I have been optimizing websites for over a decade, and I can tell you that no single ranking factor has changed how I work as much as Core Web Vitals. When Google first rolled these metrics out, most SEOs treated them as a minor technical checkbox. That was a mistake. In 2026, with the shift from FID to INP fully settled and Google continuing to refine how user experience affects rankings, understanding these three metrics at a deep level is not optional. It is the baseline.

In this guide, I am going to break down exactly what LCP, CLS, and INP measure, how to diagnose problems with each one, and the specific fixes that have worked across dozens of client projects here in Barcelona and beyond. No fluff, no theory without application. Just what works.

What Each Core Web Vital Actually Measures

Before you can fix anything, you need to understand what Google is actually tracking. Each metric targets a different dimension of user experience, and confusing them leads to wasted effort.

LCP: Largest Contentful Paint

LCP measures how long it takes for the largest visible element in the viewport to fully render. This is usually a hero image, a large text block, or a video poster frame. Google considers anything under 2.5 seconds as good, between 2.5 and 4 seconds as needing improvement, and anything over 4 seconds as poor.

What most people miss is that LCP is not a single event. It is made up of four sub-parts, and understanding them is the key to effective optimization:

  1. Time to First Byte (TTFB) – The time from the user’s request to the first byte of the HTML response arriving. This is server-side performance.
  2. Resource Load Delay – The gap between TTFB and when the browser starts loading the LCP resource (image, font, etc.). This happens when the resource is not discoverable early in the HTML.
  3. Resource Load Duration – How long the actual file takes to download. File size and CDN performance matter here.
  4. Element Render Delay – The time between the resource finishing download and the element actually painting on screen. Render-blocking CSS and JavaScript cause this.

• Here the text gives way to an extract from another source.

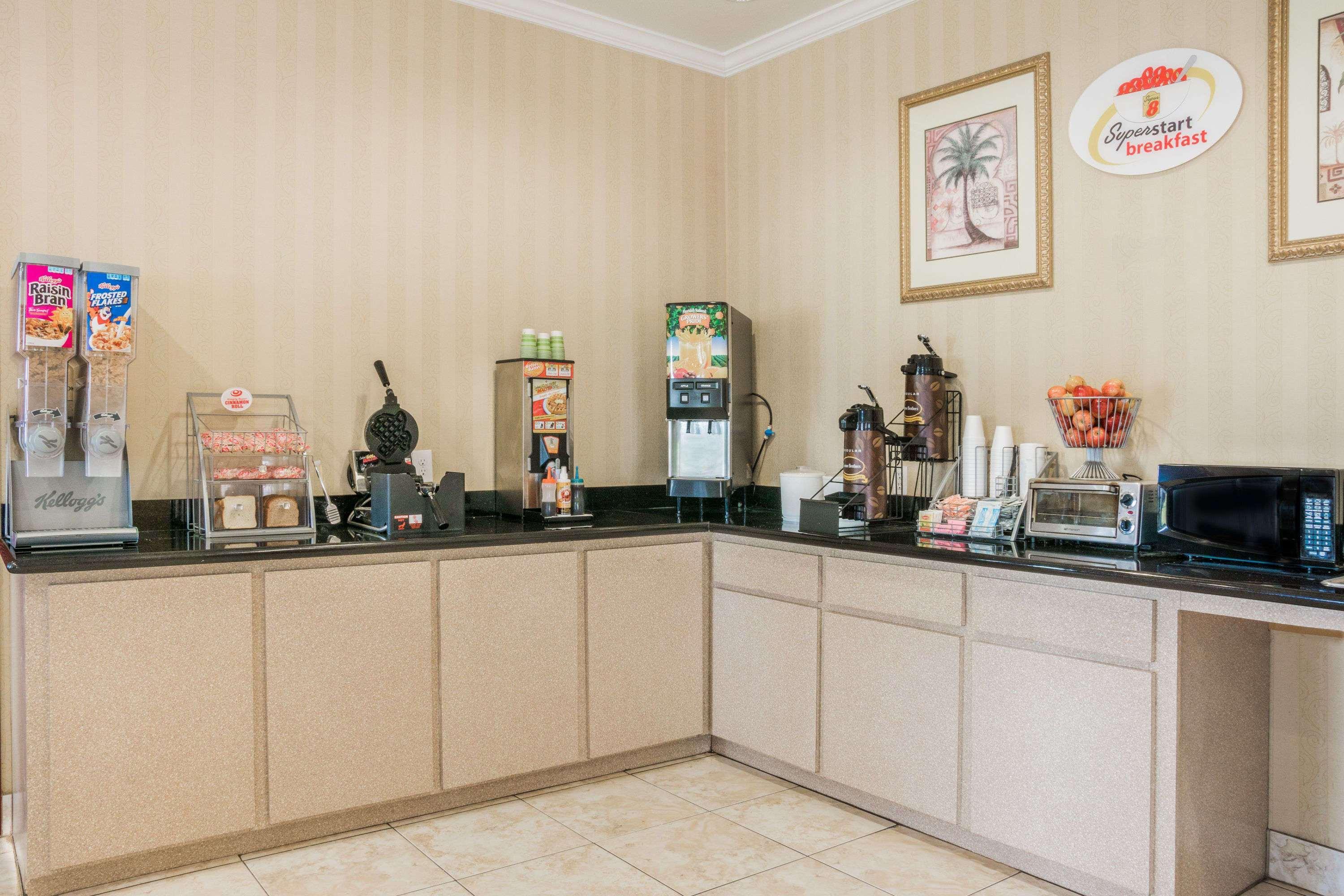 Super 8 By Wyndham Brookshire Tx Hotel Buitenkant foto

When I diagnose LCP issues, I always figure out which sub-part is the bottleneck first. Optimizing image size when TTFB is 3 seconds is a waste of time.

CLS: Cumulative Layout Shift

CLS measures visual stability. Every time an element on the page moves unexpectedly after it has rendered, that counts as a layout shift. Google scores this using session windows: it groups shifts that occur within 1 second of each other (with a maximum window of 5 seconds), and your CLS score is the largest single session window total. Good is under 0.1, poor is above 0.25.

The session window approach matters because it means a page that loads and has one burst of shifts early on will score differently than a page that has small shifts happening throughout the entire user session. Google is looking at the worst burst, not the cumulative total of every shift during the entire page lifecycle. This was a change from the original CLS calculation and it made the metric much fairer for long-lived pages like single-page applications.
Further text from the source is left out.